One parent in the Franklin-Northwest district said she had planned to file a formal complaint after becoming frustrated about the school’s lackluster response to her request for a special education evaluation for her child.

“I was going to lodge a complaint about the 15-day rule, but now I’m stuck with not knowing if it makes sense because the rules are changing,” said the parent, who asked for anonymity because being publicly identified could harm her own employment situation. She said she had been notified of the change to the rule by staff at Vermont Legal Aid.

“I believed the information I was finding online was correct. I’m really disappointed that they could make this type of mistake,” she said, adding that guidance is not good enough.

“If a child needs special services, it can’t wait. It needs to be addressed as soon as possible. In the meantime, while we are waiting, a child is suffering,” she said.

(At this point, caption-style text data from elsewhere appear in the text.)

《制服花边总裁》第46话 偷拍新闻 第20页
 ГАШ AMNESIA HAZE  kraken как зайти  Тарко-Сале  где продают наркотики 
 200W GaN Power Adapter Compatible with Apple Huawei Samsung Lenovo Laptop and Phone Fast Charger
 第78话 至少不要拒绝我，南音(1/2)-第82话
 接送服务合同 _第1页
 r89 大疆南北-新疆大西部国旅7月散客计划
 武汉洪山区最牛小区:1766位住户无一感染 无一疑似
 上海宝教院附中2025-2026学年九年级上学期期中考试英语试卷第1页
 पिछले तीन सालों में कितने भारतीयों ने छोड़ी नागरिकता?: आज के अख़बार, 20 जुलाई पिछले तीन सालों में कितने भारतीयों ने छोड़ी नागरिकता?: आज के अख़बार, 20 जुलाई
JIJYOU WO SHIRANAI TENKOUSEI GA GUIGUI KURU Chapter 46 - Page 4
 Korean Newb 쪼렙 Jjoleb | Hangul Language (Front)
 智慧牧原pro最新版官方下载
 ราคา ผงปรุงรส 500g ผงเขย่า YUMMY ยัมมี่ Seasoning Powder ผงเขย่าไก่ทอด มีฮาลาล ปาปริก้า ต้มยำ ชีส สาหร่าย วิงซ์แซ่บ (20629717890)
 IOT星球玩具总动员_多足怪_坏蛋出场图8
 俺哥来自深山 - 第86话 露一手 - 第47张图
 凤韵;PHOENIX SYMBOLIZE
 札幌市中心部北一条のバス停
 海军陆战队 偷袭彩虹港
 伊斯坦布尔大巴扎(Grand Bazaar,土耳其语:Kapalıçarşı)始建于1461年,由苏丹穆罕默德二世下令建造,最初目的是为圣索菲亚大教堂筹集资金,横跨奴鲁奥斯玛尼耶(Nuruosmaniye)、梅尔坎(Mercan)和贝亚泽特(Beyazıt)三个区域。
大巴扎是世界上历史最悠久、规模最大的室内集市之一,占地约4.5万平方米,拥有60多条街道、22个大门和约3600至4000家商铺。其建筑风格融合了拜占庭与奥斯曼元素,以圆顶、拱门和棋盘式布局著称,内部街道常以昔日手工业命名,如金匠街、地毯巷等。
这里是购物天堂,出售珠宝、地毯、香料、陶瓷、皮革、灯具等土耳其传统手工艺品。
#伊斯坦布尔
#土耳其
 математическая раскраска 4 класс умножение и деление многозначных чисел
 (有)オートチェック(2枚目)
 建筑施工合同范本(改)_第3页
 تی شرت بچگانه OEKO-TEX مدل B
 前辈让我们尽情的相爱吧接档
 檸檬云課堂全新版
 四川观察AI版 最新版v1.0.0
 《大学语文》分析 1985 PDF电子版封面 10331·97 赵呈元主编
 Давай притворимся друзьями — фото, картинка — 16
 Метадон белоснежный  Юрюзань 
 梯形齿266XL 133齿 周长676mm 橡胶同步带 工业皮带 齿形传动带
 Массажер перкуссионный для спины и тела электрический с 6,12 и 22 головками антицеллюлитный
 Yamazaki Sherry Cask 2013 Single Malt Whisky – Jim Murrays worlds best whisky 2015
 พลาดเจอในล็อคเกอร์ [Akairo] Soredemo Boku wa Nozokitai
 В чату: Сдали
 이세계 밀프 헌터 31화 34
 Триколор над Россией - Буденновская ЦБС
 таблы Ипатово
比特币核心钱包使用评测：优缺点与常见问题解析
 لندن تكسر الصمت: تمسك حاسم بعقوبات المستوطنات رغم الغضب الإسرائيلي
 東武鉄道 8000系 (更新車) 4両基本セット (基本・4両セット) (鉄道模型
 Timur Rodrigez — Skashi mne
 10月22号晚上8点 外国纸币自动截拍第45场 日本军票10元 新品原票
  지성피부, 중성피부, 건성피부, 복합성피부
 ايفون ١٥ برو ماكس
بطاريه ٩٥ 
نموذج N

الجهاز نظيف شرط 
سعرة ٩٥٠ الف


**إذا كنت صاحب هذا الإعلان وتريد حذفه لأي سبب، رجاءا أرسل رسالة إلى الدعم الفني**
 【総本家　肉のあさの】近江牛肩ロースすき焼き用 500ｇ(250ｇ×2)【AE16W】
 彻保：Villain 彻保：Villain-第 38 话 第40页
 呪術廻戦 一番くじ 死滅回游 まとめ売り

The agency has strongly advised school districts to use the 15-day rule until officials have a chance to update it, according to an agency memo released in August.

Haley Jones, spokesperson for the agency, said school districts have been using the 15-day rule since 2013 and everyone is used to it. “We have not heard that anyone intends not to continue to use it,” she added.

In 2013, the state Board of Education made a number of changes to the special education rules, mostly to bring them into compliance with new federal laws. Most of the changes did show up in the official rules posted by the Secretary of State’s office, but a few did not.

“This is the kind of thing that happens when you are short-handed and the state board also has no staff,” said William Mathis, vice chair of the board.

Recent years have been marked by increasing responsibilities for the state board and Agency of Education, including the implementation of the Act 46 school district consolidation law, without long-promised increases in staff, officials said.

The federal government requires schools to respond to parents within 60 days and the state has remained in compliance.

Mathis said the state board added the 15-day rule because members wanted to be more responsive and responsible to parents.

“But through a huge foul-up and a lack of staff to check and double check the work, it didn’t happen,” he said, adding that it will be put back in when the state board goes through the rules process again.

But that is little comfort to Vermont families, said Price. “It is the Agency of Education’s job to have these regulations be correct and protect parents’ rights. As a parents rights organization this is not a response we are happy with – they are short of people? Short of time? They can’t get to this? It isn’t right for parents of children with disabilities for this to remain unfixed.”

Mathis said he isn’t sure when they can start it up since the board and the agency have to deal first with Act 46 and the private school rules series 2200. “It is a matter of the workload for the Agency and for the board. We don’t have any staff.”